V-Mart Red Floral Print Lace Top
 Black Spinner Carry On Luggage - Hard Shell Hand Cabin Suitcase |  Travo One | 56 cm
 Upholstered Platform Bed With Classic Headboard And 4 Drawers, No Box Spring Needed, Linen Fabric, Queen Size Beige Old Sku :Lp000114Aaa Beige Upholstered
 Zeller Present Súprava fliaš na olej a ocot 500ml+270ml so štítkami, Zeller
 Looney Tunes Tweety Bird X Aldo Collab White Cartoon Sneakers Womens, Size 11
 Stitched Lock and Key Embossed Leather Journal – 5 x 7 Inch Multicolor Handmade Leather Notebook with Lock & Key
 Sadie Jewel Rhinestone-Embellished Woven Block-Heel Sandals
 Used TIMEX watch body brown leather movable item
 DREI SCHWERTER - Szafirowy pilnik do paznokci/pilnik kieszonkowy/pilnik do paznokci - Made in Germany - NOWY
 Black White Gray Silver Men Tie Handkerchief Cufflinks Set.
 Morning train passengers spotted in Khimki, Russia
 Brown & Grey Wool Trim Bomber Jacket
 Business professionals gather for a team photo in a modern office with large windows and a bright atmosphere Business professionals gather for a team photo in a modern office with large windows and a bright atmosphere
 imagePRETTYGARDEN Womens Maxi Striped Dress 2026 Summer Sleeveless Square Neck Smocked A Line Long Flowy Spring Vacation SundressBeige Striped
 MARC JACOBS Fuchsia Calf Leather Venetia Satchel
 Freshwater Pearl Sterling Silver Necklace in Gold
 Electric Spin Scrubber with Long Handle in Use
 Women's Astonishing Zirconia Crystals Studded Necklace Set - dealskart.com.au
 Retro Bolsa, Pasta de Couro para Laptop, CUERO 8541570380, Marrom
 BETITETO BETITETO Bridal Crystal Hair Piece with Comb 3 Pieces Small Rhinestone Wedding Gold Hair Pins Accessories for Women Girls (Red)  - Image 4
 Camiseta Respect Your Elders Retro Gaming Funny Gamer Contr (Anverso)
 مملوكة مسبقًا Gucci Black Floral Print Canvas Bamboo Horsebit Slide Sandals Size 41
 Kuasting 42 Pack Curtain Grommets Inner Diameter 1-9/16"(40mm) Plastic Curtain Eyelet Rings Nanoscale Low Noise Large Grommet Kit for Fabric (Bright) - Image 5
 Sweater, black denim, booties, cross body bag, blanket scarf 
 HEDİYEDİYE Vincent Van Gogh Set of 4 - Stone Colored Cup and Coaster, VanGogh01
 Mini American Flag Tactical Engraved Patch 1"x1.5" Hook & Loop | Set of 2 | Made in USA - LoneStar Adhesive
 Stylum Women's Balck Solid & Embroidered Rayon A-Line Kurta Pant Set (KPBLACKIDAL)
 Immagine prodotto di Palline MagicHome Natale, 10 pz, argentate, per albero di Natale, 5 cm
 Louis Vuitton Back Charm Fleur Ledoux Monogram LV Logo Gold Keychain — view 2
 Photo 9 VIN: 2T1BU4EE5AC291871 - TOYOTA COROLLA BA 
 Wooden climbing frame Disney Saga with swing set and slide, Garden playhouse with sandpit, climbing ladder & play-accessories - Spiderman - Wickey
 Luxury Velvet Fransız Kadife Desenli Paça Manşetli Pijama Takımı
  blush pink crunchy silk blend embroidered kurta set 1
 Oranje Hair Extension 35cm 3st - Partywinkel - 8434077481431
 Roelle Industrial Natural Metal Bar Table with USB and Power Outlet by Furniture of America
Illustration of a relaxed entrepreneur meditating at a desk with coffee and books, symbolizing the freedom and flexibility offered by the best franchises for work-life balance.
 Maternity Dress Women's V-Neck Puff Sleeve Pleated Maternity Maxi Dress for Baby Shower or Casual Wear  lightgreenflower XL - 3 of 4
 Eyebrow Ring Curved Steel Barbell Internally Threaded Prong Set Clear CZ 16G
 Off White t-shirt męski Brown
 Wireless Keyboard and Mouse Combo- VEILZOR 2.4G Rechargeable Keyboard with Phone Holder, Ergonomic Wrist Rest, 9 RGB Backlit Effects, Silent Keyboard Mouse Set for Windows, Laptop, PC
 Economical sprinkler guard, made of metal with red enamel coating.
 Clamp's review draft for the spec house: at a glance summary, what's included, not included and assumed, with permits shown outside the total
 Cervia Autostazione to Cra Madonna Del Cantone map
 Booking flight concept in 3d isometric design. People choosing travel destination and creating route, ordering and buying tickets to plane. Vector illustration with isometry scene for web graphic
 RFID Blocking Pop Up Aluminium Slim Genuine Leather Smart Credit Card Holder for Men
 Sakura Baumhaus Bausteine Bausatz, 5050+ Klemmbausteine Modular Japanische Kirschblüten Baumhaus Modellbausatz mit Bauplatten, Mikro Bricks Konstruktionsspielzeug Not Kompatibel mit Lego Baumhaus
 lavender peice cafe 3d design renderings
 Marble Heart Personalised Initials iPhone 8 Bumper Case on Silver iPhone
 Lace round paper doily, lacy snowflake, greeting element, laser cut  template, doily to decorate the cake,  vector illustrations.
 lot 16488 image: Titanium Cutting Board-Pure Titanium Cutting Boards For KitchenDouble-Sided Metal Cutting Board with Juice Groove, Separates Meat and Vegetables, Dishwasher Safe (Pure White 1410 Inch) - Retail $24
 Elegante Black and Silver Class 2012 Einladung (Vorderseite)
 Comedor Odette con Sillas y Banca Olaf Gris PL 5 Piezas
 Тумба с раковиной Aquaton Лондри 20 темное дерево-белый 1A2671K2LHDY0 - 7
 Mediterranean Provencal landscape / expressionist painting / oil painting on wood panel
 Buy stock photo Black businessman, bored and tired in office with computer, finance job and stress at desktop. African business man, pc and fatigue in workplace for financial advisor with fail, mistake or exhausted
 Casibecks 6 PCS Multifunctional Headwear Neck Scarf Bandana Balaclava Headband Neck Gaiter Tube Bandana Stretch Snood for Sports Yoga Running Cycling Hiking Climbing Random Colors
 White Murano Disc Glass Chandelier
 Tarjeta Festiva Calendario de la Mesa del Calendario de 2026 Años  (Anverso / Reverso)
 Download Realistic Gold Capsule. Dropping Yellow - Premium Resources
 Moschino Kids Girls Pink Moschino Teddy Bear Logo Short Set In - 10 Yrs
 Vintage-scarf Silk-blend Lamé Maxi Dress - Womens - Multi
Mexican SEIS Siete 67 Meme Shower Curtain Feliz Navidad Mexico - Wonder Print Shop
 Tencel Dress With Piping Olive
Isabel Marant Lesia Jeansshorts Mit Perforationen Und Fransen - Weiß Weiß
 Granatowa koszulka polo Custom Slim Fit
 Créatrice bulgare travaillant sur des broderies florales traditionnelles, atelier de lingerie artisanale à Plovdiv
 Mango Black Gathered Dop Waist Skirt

| Your instructions |
Using the entries shown above, reproduce verbatim the lines from the line bearing "HEDİYEDİYE Vincent Van" to the line bearing "Roelle Industrial Natural", inclusive.

| Answer for this exercise |
 HEDİYEDİYE Vincent Van Gogh Set of 4 - Stone Colored Cup and Coaster, VanGogh01
 Mini American Flag Tactical Engraved Patch 1"x1.5" Hook & Loop | Set of 2 | Made in USA - LoneStar Adhesive
 Stylum Women's Balck Solid & Embroidered Rayon A-Line Kurta Pant Set (KPBLACKIDAL)
 Immagine prodotto di Palline MagicHome Natale, 10 pz, argentate, per albero di Natale, 5 cm
 Louis Vuitton Back Charm Fleur Ledoux Monogram LV Logo Gold Keychain — view 2
 Photo 9 VIN: 2T1BU4EE5AC291871 - TOYOTA COROLLA BA 
 Wooden climbing frame Disney Saga with swing set and slide, Garden playhouse with sandpit, climbing ladder & play-accessories - Spiderman - Wickey
 Luxury Velvet Fransız Kadife Desenli Paça Manşetli Pijama Takımı
  blush pink crunchy silk blend embroidered kurta set 1
 Oranje Hair Extension 35cm 3st - Partywinkel - 8434077481431
 Roelle Industrial Natural Metal Bar Table with USB and Power Outlet by Furniture of America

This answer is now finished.